What is expected
Exact wording is required: give all the records again, minus the pictures.

Records for this task

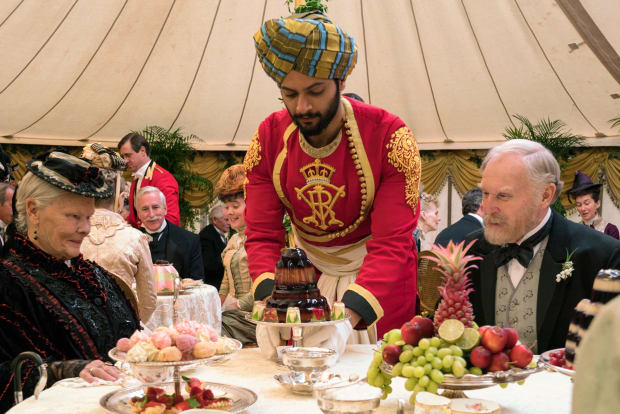 Queen Victoria (Judi Dench), Abdul Karim (Ali Fazal), a jello mold and Sir Henry Ponsonby (Tim Pigott-Smith) Photo: Peter Mountain / Focus Features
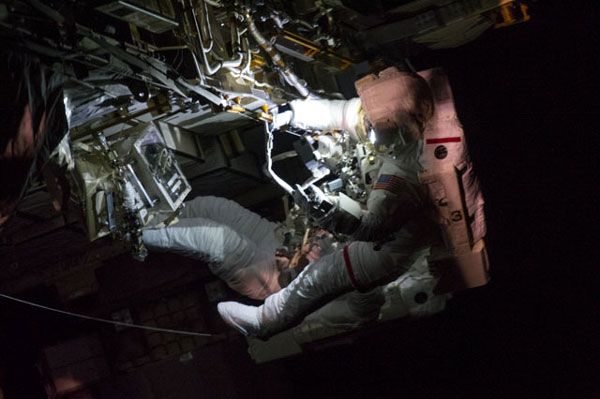 The International Space Station crosses into the Earth's night side as Expedition 35 crew members Chris Cassidy and Tom Marshburn conduct a spacewalk outside of the orbital outpost, on May 11, 2013. The International Space Station crosses into the Earth's night side as Expedition 35 crew members Chris Cassidy and Tom Marshburn conduct a spacewalk outside of the orbital outpost, on May 11, 2013.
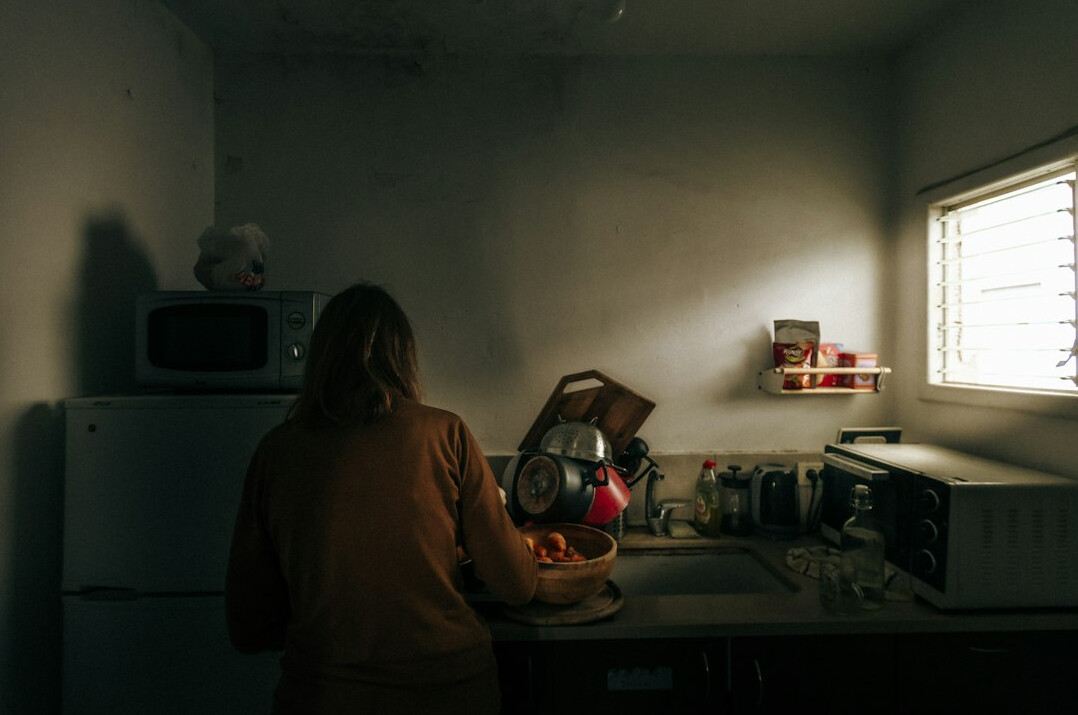 woman cleaning at night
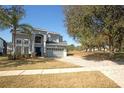 Two-story home with two-car garage on a well-manicured lawn and a paver driveway at 33953 Terragona Dr, Sorrento, FL 32776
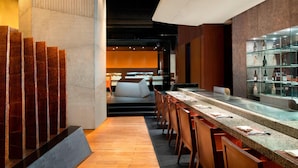 Un área de bar moderna con una barra alargada, sillas de madera y una vitrina de cristal.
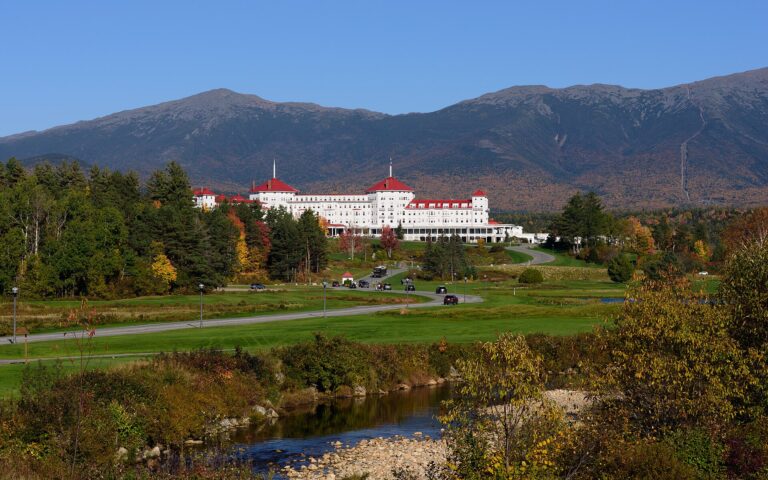 The long white hotel with red roofs in autumn, with forested mountains behind it
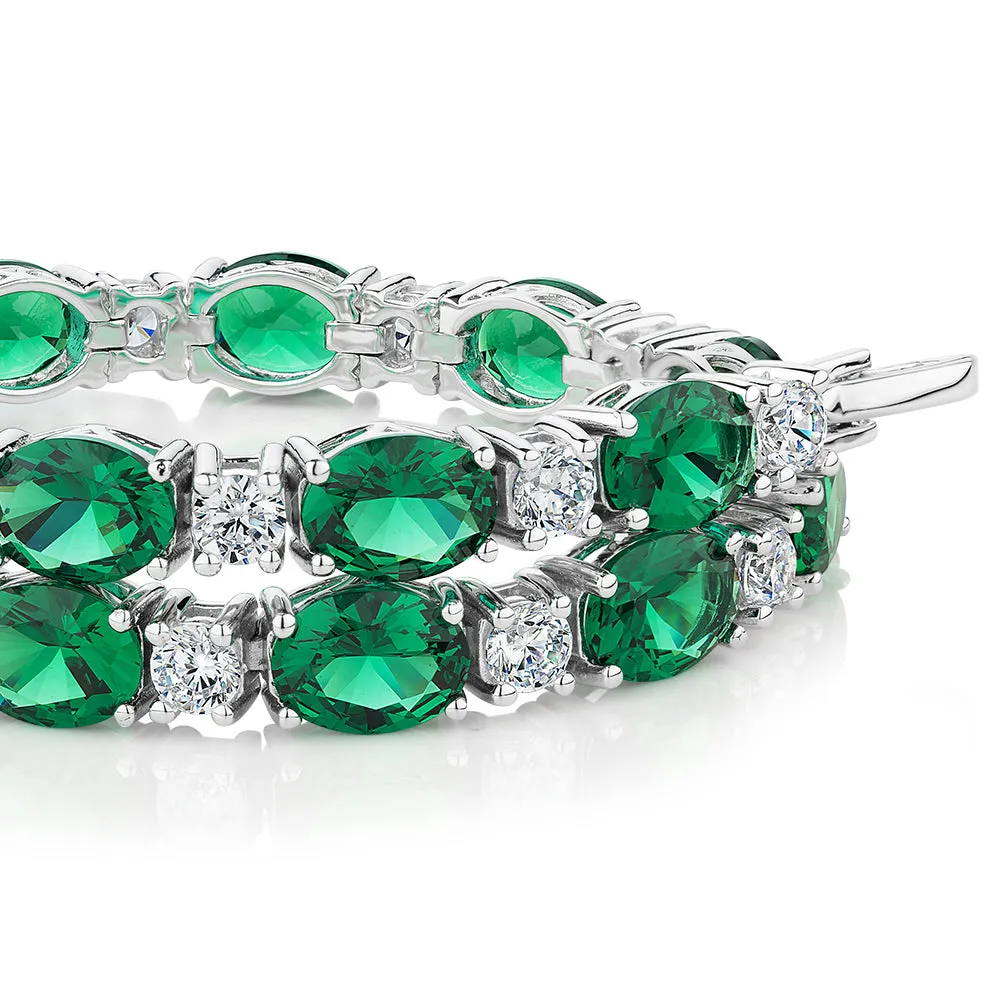 Round Brilliant tennis bracelet with emerald simulants and 3.36 carats* of diamond simulants in sterling silver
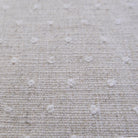a close-up view of a beige fabric with small white dots or circles scattered across it, creating a textured and patterned appearance.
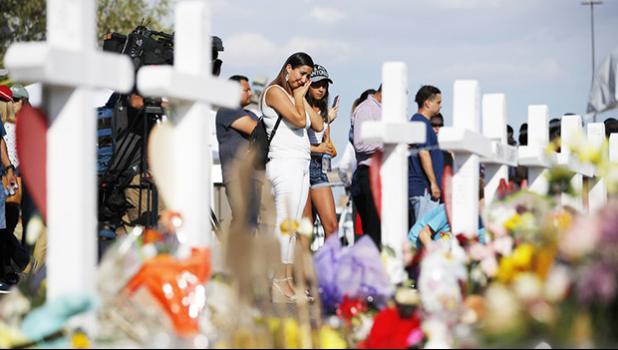 People visit a makeshift memorial, Monday, Aug. 5, 2019, at the site of a mass shooting at a shopping complex, in El Paso, Texas. (AP Photo/John Locher) People visit a makeshift memorial in El Paso, Texas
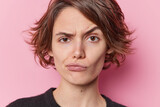 Fototapeta  - Headshot of serious beautiful young woman looks skeptical raises eyebrows purses lips considers something tries to make decision isolated over pink background. Human face expressions concept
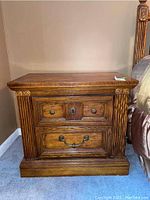 Front view of a wood night stand showing drawer details and fluted columns on sides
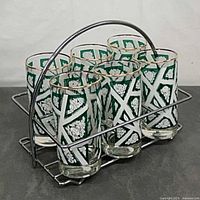 Six patterned glasses seated in chrome wire caddy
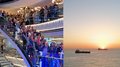 Artigiani anziani in crociera Foto di gruppo di persone su una scala con tramonto e navi sul mare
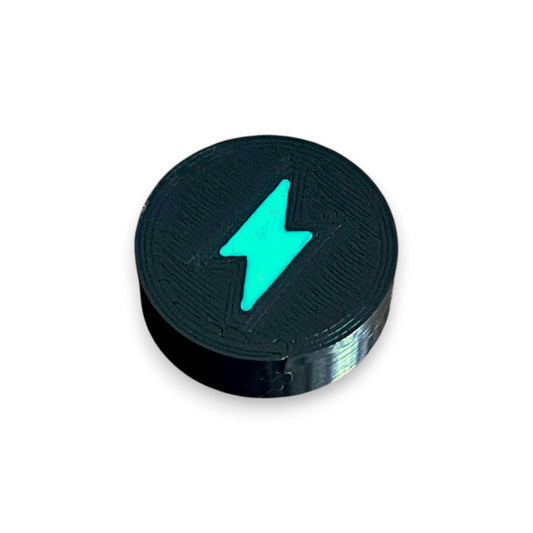 Low Profile Electric Mistress Guitar Pedal Footswitch Topper for 8.5mm / 10mm / 11mm Foot Switch. 3D printed Electric Design by Cold Earth Industries, shown in black with a green bolt icon, on a white background.
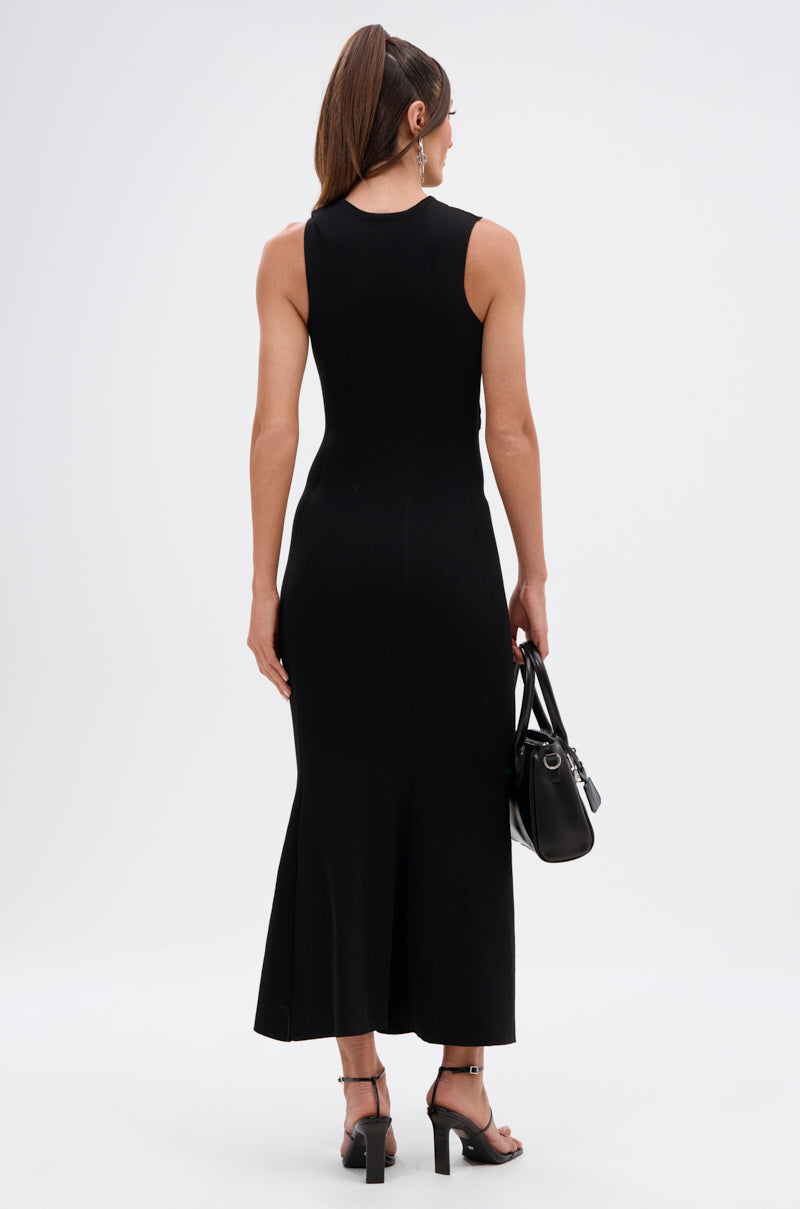 A woman with long brown hair in a ponytail wears the NOT TOO CASUAL KNIT MAXI DRESS IN BLACK, paired with black heeled sandals and a black handbag, standing against a plain white background facing away.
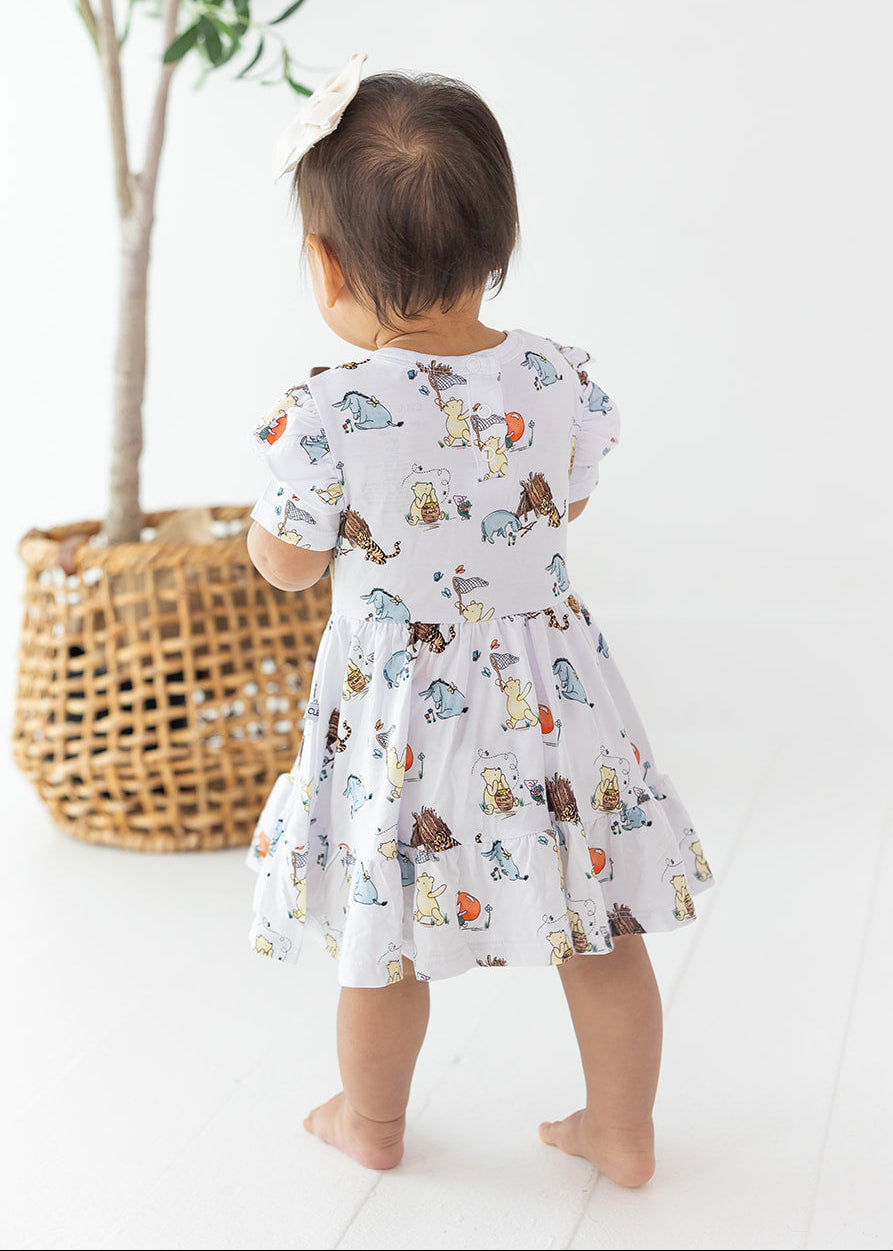 Little girl Winnie the Pooh bamboo twirl dress with matching shorts for Fall.
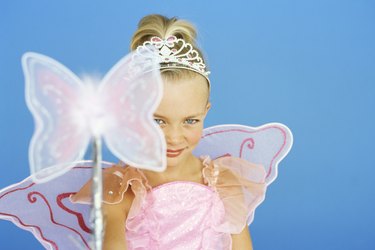 portrait of a girl wearing a fairy costume and holding a magic wand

Finished task
 Queen Victoria (Judi Dench), Abdul Karim (Ali Fazal), a jello mold and Sir Henry Ponsonby (Tim Pigott-Smith) Photo: Peter Mountain / Focus Features
 The International Space Station crosses into the Earth's night side as Expedition 35 crew members Chris Cassidy and Tom Marshburn conduct a spacewalk outside of the orbital outpost, on May 11, 2013. The International Space Station crosses into the Earth's night side as Expedition 35 crew members Chris Cassidy and Tom Marshburn conduct a spacewalk outside of the orbital outpost, on May 11, 2013.
 woman cleaning at night
 Two-story home with two-car garage on a well-manicured lawn and a paver driveway at 33953 Terragona Dr, Sorrento, FL 32776
 Un área de bar moderna con una barra alargada, sillas de madera y una vitrina de cristal.
 The long white hotel with red roofs in autumn, with forested mountains behind it
 Round Brilliant tennis bracelet with emerald simulants and 3.36 carats* of diamond simulants in sterling silver
a close-up view of a beige fabric with small white dots or circles scattered across it, creating a textured and patterned appearance.
 People visit a makeshift memorial, Monday, Aug. 5, 2019, at the site of a mass shooting at a shopping complex, in El Paso, Texas. (AP Photo/John Locher) People visit a makeshift memorial in El Paso, Texas
 Fototapeta  - Headshot of serious beautiful young woman looks skeptical raises eyebrows purses lips considers something tries to make decision isolated over pink background. Human face expressions concept
 Front view of a wood night stand showing drawer details and fluted columns on sides
 Six patterned glasses seated in chrome wire caddy
 Artigiani anziani in crociera Foto di gruppo di persone su una scala con tramonto e navi sul mare
 Low Profile Electric Mistress Guitar Pedal Footswitch Topper for 8.5mm / 10mm / 11mm Foot Switch. 3D printed Electric Design by Cold Earth Industries, shown in black with a green bolt icon, on a white background.
 A woman with long brown hair in a ponytail wears the NOT TOO CASUAL KNIT MAXI DRESS IN BLACK, paired with black heeled sandals and a black handbag, standing against a plain white background facing away.
 Little girl Winnie the Pooh bamboo twirl dress with matching shorts for Fall.
 portrait of a girl wearing a fairy costume and holding a magic wand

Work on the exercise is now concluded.